Random thought about Things Spreadsheets Got Right...
# thinking-together
s
Random thought about Things Spreadsheets Got Right – I've heard a lot about "no invisible state" etc, but another interesting thing about spreadsheets is that they treat data as a first-class citizen in a way that most programming models don't. In a conventional programming language, you model processes and leave the data implicit; in a spreadsheet, you model data and the processes are implicit. The data is what you see in the cells, and the processes are plumbing that you only see by inspecting the cell that the data lives in. What other programming systems start with the data you want to process before you write the process itself? And maybe spreadsheet programming's lack of implicit state is actually a consequence of this data-first paradigm, rather than an end in itself. In fact, even calling data "state" implies a kind of process-first mindset, only conceptualising data through its relation to a process. And this could be a key blind spot for programmers creating systems for non-programmers, or rather process-first people creating systems for data-first people.
o
Algorithms and Data Structures. These are the ying and yang of computer engineering. I always felt that it's missing the actual data. We have a trinity: Algorithms + Containers + Data. In a way, first data engineer.. then big data and now LLMs is computer science discovering data.
k
In Glamorous Toolkit, I often work mostly data-first.

This short video

shows how this works. Once you have the raw data in your system, you write views to display it in a domain-specific way, and then you go on writing the code to process. Full data-first, like in a spreadsheet, is possible only if your programming system provides entry forms for exactly the data structure you work on. E.g. a grid of cells in a spreadsheet. In any other scenario, you first need some code to get your data into the system.
j
Again, imho, worth thinking: what if your data consists of millions of rows. Data-first aspect gets a twist then.
i
^ also, worth ignoring. There’s a popular rejection of ideas that don’t have line-of-sight to use “at scale”, which manifests as a pressure to validate ideas based on how they scale and reject other kinds of validity. It’s quite harmful in situations like the one Sam raised where we’re interested in human factors, because considering scale is often a consideration of the machine factors (or business factors). I don’t want to disregard scale entirely, but just caution that it’s too often given too much weight (especially here in FoC circles).

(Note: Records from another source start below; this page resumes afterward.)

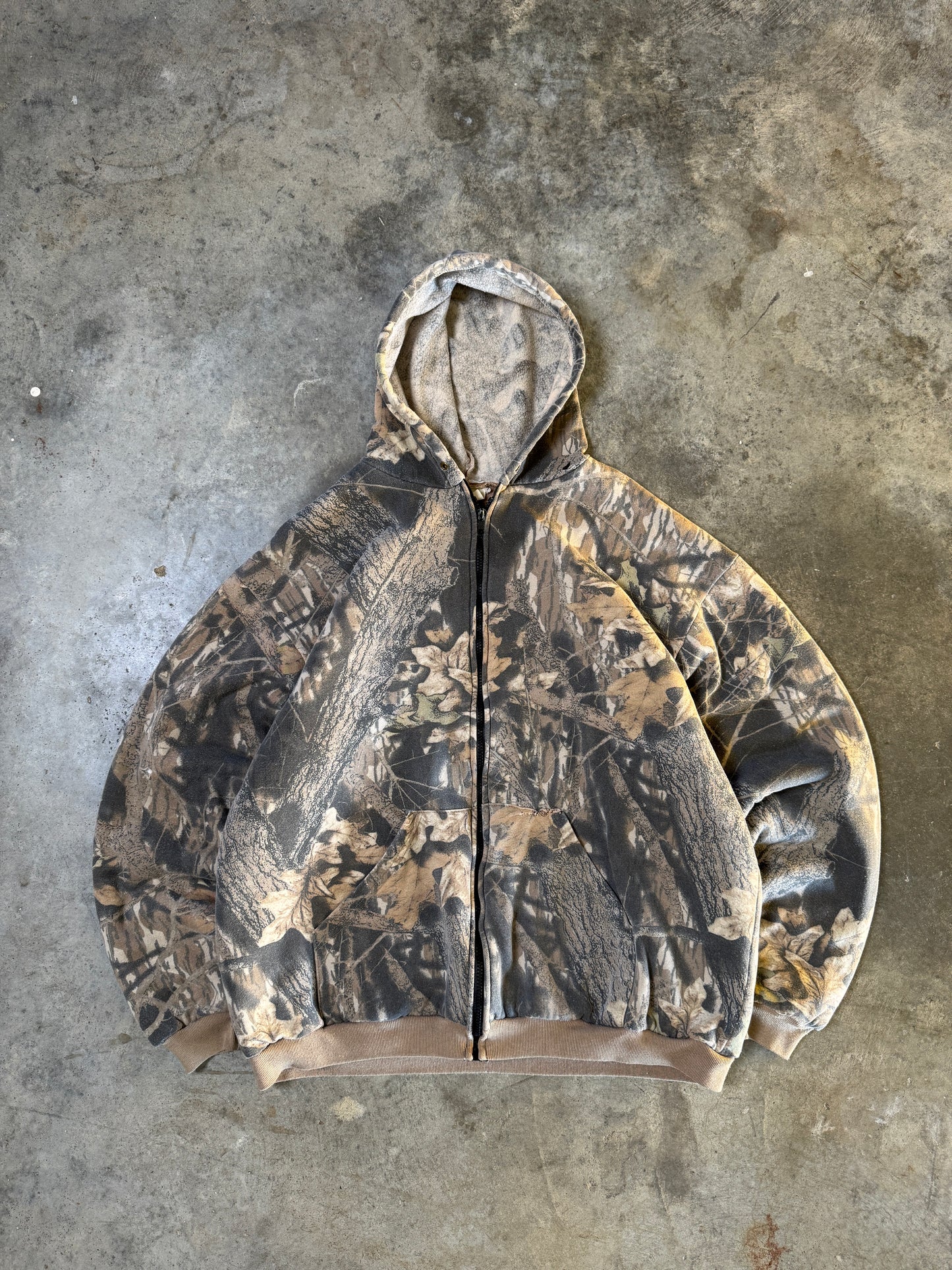 (XL) 00s Camo Hooded Jacket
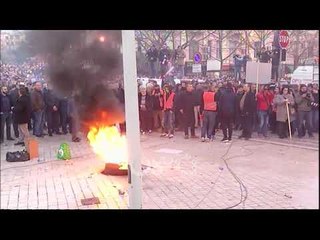 Ora News – LIVE/Para Parlamentit hidhen kapsolla, dhe digjen goma: Rama ik!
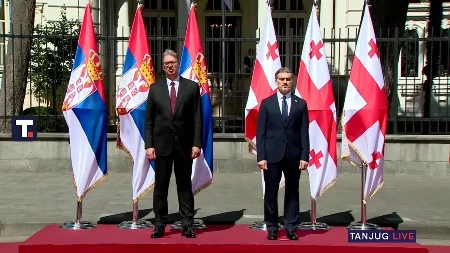 Vučić stigao u Tbilisi, Gruzija okićena hiljadama srpskih zastava! Ključna poseta predsednika Srbije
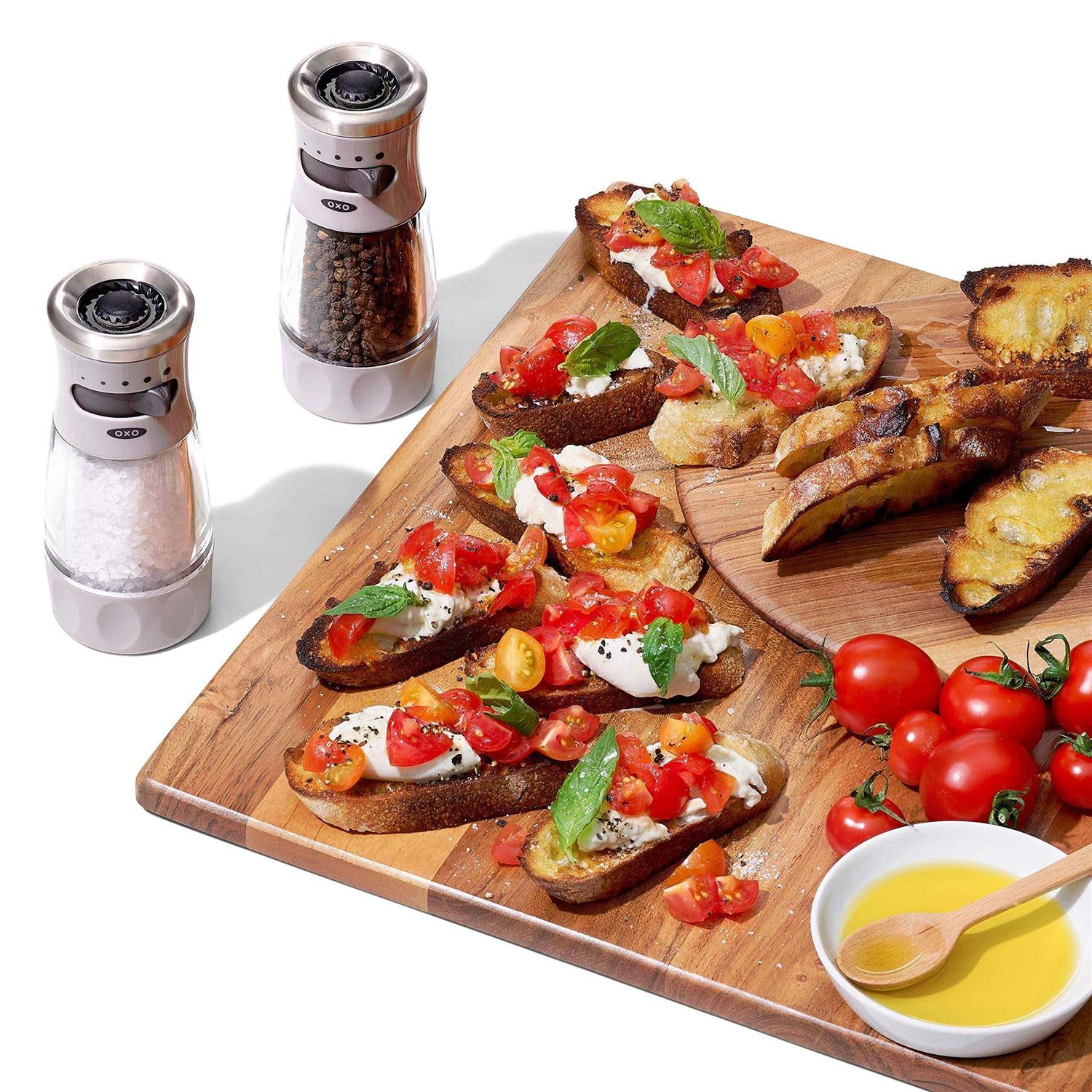 OXO Good Grips Contoured Mess-Free Grinder - Image 3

On the other hand, I hope some people see it as a design challenge and go do cool human-centered things that scale to massive datasets. That’d be interesting. But it’s not necessary, and often misleading.
j
It is worth thinking and gaining perspectives. Some thoughts are then worthy - or not, it depends. For instance for me, it is clear that data-first has certain limits, and eg. model-first thinking is more powerful approach. If a cell in a spreadsheet has a lot of data, there is basically no practical way of inspecting it. If it has a lot of functions, there is a little chance to make sense out of it, which is at least possible with programming langs
k
Size is a distraction, in my opinion. The two most relevant asepcts of data are (1) its representation in the computer and (2) its representations suitable for humans, both for inspection and for manipulation. The relation between (1) and (2) is highly domain-dependent, and that makes it difficult to come up with general principles.
d
feels bigger than data vs process.. spreadsheet models space and leaves time implicit, vs etc
j
PANE elevates data above process in a softer way, doing a “data on nodes, processes on wires” thing.
k
@Joshua Horowitz How does PANE manage structured/complex data? An address book, a protein structure, a CAD blueprint, ...
j
@Konrad Hinsen It doesn’t do anything particularly special to visualize complex values. It shows nested boxes by default, and lets the user (tediously) define custom visualizers if they like; see 13:42 in the video for an example of that. My point was about the way the overall interface prioritizes viewing data over viewing code – spreadsheets hide code behind values, PANE relegates code to edges rather than their typical prominence inside nodes.
i
"relegates" / "prominence" — this sort of dismissive talk is why I became a staunch advocate for edges. They get such short shrift, and I've had enough of it! EDGES HAVE THE EDGE!
j
ok
k
@Joshua Horowitz The reason for my question was to explore how general PANE's approach is. Custom visualizers are code, but that code is not on the edges if I understand the video correctly. And for both data and code, there's the question to what size and complexity this approach (or in any fact any visual approach) scales in practice. Spreadsheets are made for very shallowly structured data and short code snippets. Which is fine, there are lots of use cases. But as someone working with complex data and complex algorithms, I wonder where the limits if visual techniques are.
g
The core virtue of spreadsheets is kinda RESTful: every value has an address. From there: the addresses have a 2-dimensional structure, which leads to various ways of treating a block of addresses as a table and so on. The addresses support navigation. This, again, is a RESTful sort of idea.